In addition to @aeismail's points, in the U.S. the undergrad degree (B.S. or B.A.) in math is typically rather thin, due to "breadth" requirements, so a year or two of a PhD program is spent catching up, in comparison to most other educational systems in which specialization occurs earlier (and perhaps high school math education is more intense).

Some decades ago, it was the style in elite places in the U.S. to have people finish a PhD degree as quickly as possible, often in three years, as proof of ... something. This was plausible under the hypothesis that students at such places had an unusually good background.

In fact, given the way professional mathematics has evolved, spending more time learning things and maturing before hitting the job market may be wise. In any case, no one is creating artificial obstacles to any student's quick graduation! In my current institution, there really are no "required courses", in the sense that there are some modest proficiency exams in standard material that need to be passed, and courses help prepare for those, or can substitute for proficiency exams to some extent. Thus, a well-prepared student can "test out" of requirements.

One underlying problem seems to be that people take as much time as is allowed, so if it is understood that one may take six years "if necessary", then most people plan to use up that time. Not that they're "forced to" or "kept from graduating earlier". And then there's the reasonable fear of facing the job market that leads to "avoidance".

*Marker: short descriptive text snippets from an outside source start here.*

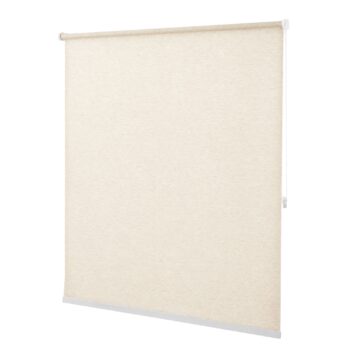 Persiana Rolo Corta Luz Evolux Bloom 140x160 Linho Bege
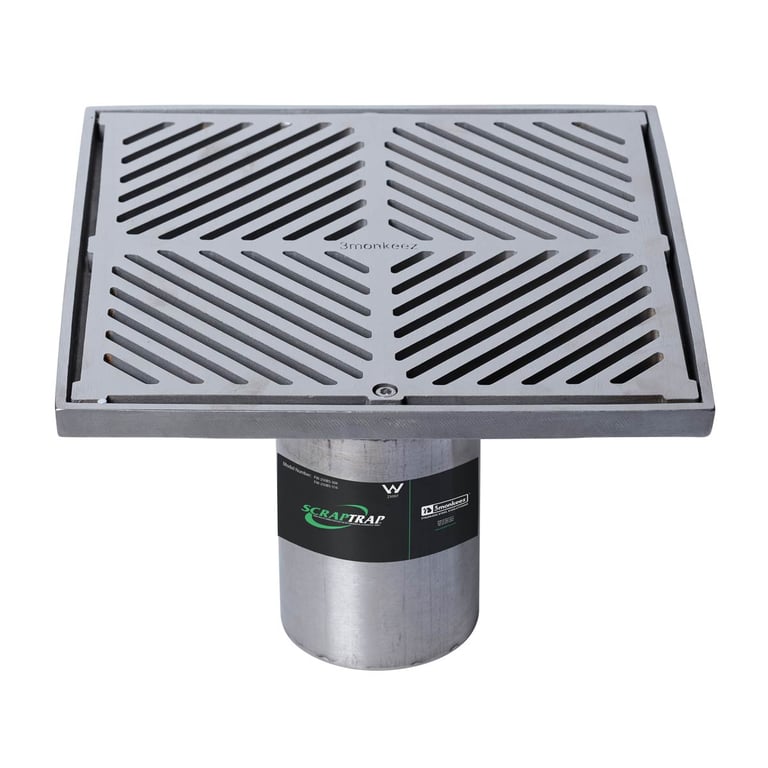 FW-250BS-316 Image of Waste Floor 3monkeez Arrestor Square 250mm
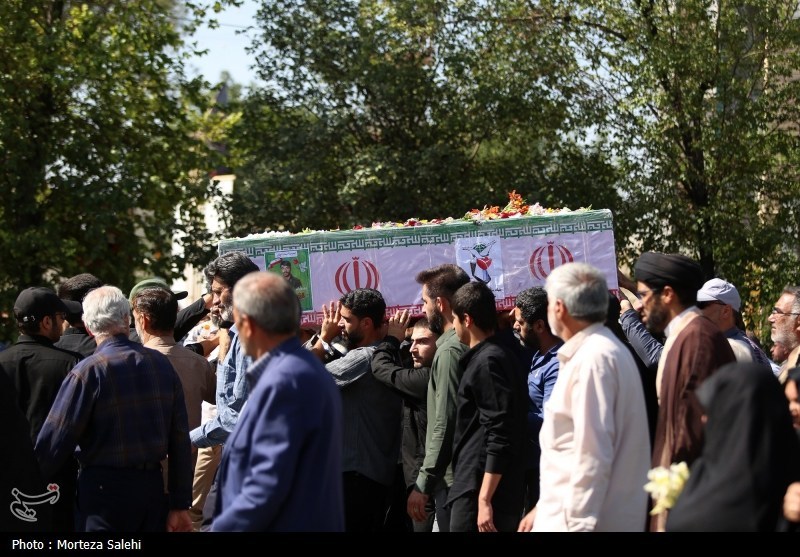 تشییع ۳ شهید حمله رژیم صهیونیستی در نجف آباد اصفهان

I would claim that "having to teach" is not a serious impediment to quick graduation. However, its relatively immediate gratification can seduce people away from the far-less-immediate gratification of research and study.


In the UK system (or similar systems, like Australia) students enter their Ph.D. program with a stronger background due to earlier specialization, and they typically leave their Ph.D. program at a less advanced level than a Ph.D. from a comparable American school. The difference is not in how fast people learn, but rather differences in what a bachelor's degree means and what a Ph.D. degree means.

Note that on specialization for undergraduates the US is the outlier, but in terms of Ph.D. outcome it's the UK that is unusual. For example, Chris Parks writes, "Across Europe the view prevails that the three-year UK doctorate is too short and thus of inadequate quality compared with the more common four-year doctorate."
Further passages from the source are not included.